Cooling Trend Predicted for Mount Vernon
Mount Vernon, one of the hottest attractions--literally--in the Washington, D.C., area, is about to get a cooling off. Air-conditioning is finally coming to George and Martha Washington’s 18th century mansion.
This is bound to be glad tidings to the million or so tourists who flock to the 500-acre historical site in Fairfax County, Va., each year, specifically the 400,000 who, by choice or need, visit in the sweltering summer months, when the temperature on the mansion’s second floor has been known to hover around 100 degrees.
When conditions become that oppressive, Mount Vernon’s helpful guides, who are issued cold compresses for their wrists and necks, haul out the electric floor fans and stand vigilant for swooning guests.

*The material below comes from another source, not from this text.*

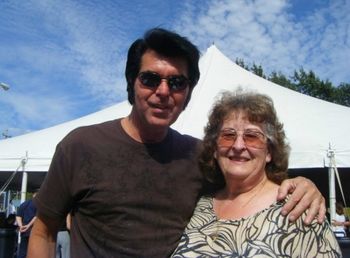 Me with Barbara Kimmy's mum at Graceland Plaza for Elvis week 2011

Pass out in George and Martha’s upstairs master bedroom and you’ll probably awaken outside in a rocking chair on the high-columned piazza that overlooks the Potomac River, with a glass of ice water in your hand and a breeze caressing your face.
Although other historic properties, such as Jefferson’s Monticello, have long been blessed with air-conditioned comfort, Mount Vernon waited, fearing damage to its priceless property.

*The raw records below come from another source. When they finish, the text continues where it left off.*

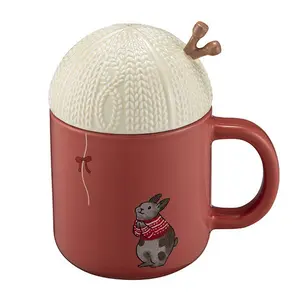 New Starbucks Taiwan 2022 Moon Festival Collection Yarn Ball Bunny Mug & Lid 12oz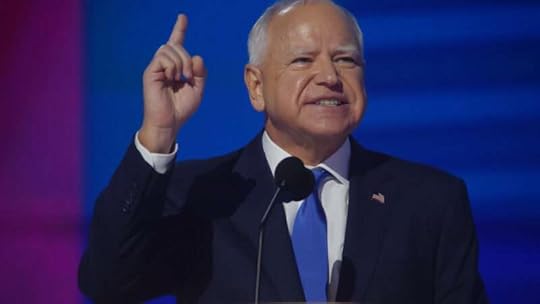 Minnesota Governor Tim Walz speaking at the 2024 DNC | Phil McAuliffe/Polaris/Newscom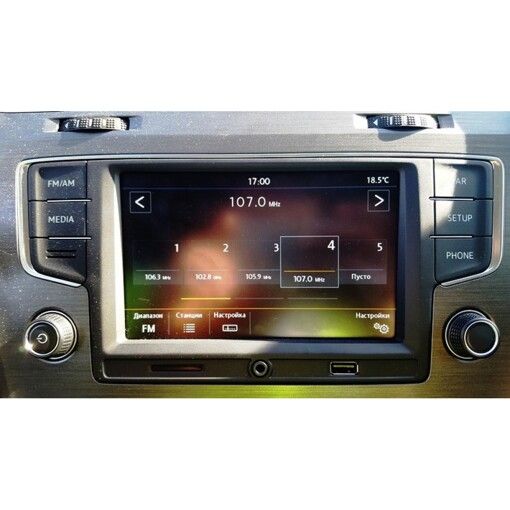 Штатная магнитола RCD 330 MQB VW/Skoda Plus CAN Mirror Link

“We’re very cautious here,” said Dennis J. Pogue, director of restoration at the site 16 miles south of Washington. “This building is our main artifact. It’s the most important thing we have.”
The 15-room, 11,000-square-foot mansion, which Washington called home for 45 years and where he died in 1799, is made of wood and has no insulation.

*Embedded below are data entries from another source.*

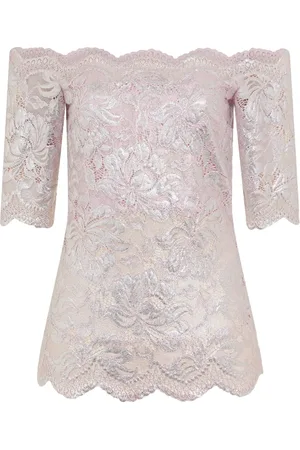 Paco rabanne Blusa in pizzo a fiori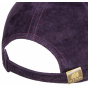 Stetson Plum Leather Louisville Baseball Cap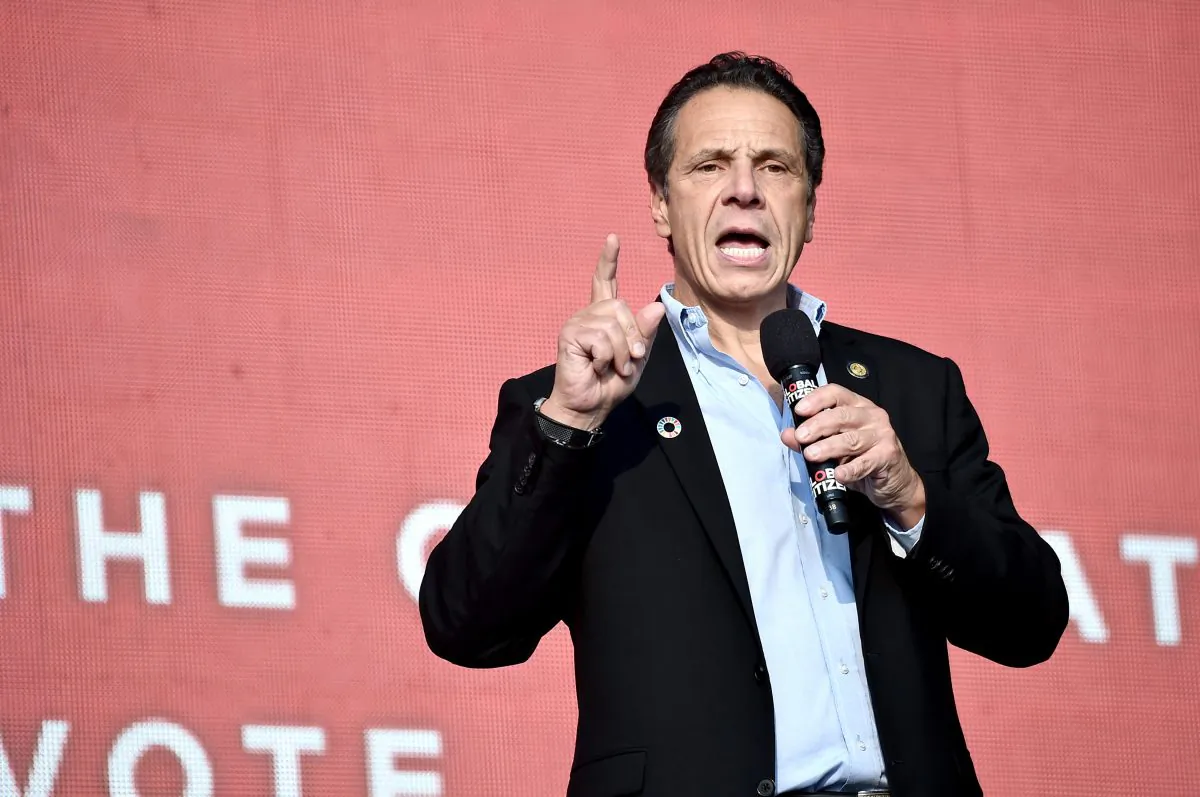 New York Gov. Andrew Cuomo onstage during the 2018 Global Citizen Festival: Be The Generation in Central Park, on Sept. 29, 2018 in New York City. (Theo Wargo/Getty Images for Global Citizen)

The private nonprofit association that operates Mount Vernon sought out the New York-based Carrier Corp. for the job after learning of the company’s work on the Sistine Chapel a few years ago.
The firm designed a computerized heating and cooling system that will keep the indoor temperature within about 10 degrees of the temperature outside. “Anything cooler, and the furniture could go into shock,” said Mount Vernon spokeswoman Sally McDonough.
The renovation, which is expected to cost about half a million dollars, will tear up the house as little as possible, curators say. The mansion’s old boiler-operated heating system, installed in 1899 on just the first floor, has been removed, and the open channels are being used for the new ductwork.
Mount Vernon was built by Washington’s father in 1735 and was renovated three times by Washington from 1754 to 1787, said historian John Riley.
During one of those alterations, Washington added the striking riverfront piazza, which extends the length of the house. Thought by some to be the mansion’s most distinctive architectural feature, it provided a spot for guests--then and now--to sit a spell and enjoy the cooling breezes off the river.
The mansion’s large central hall and aligned windows allow a cross-current to pass through the house, and the octagonal cupola on the third floor draws hot air up and out.
Weather conditions were of major interest to 18th-century farmers and plantation owners. “Very warm and sultry with appearances of rain--but none felt,” Washington noted in his diary entry for July 12, 1768, one of his many comments on the subject.
The Washingtons and their guests coped with the heat much as present-day visitors to Mount Vernon do: by indulging in ice cream and drinking plenty of cold beverages (Martha had a spiked cold punch that was particularly popular, according to Riley). The ladies carried fans with them, and the gentlemen traded their wool clothes for linen.
Carrier Corp. is donating its services, including engineering and design, materials and installation, a gift estimated at $300,000.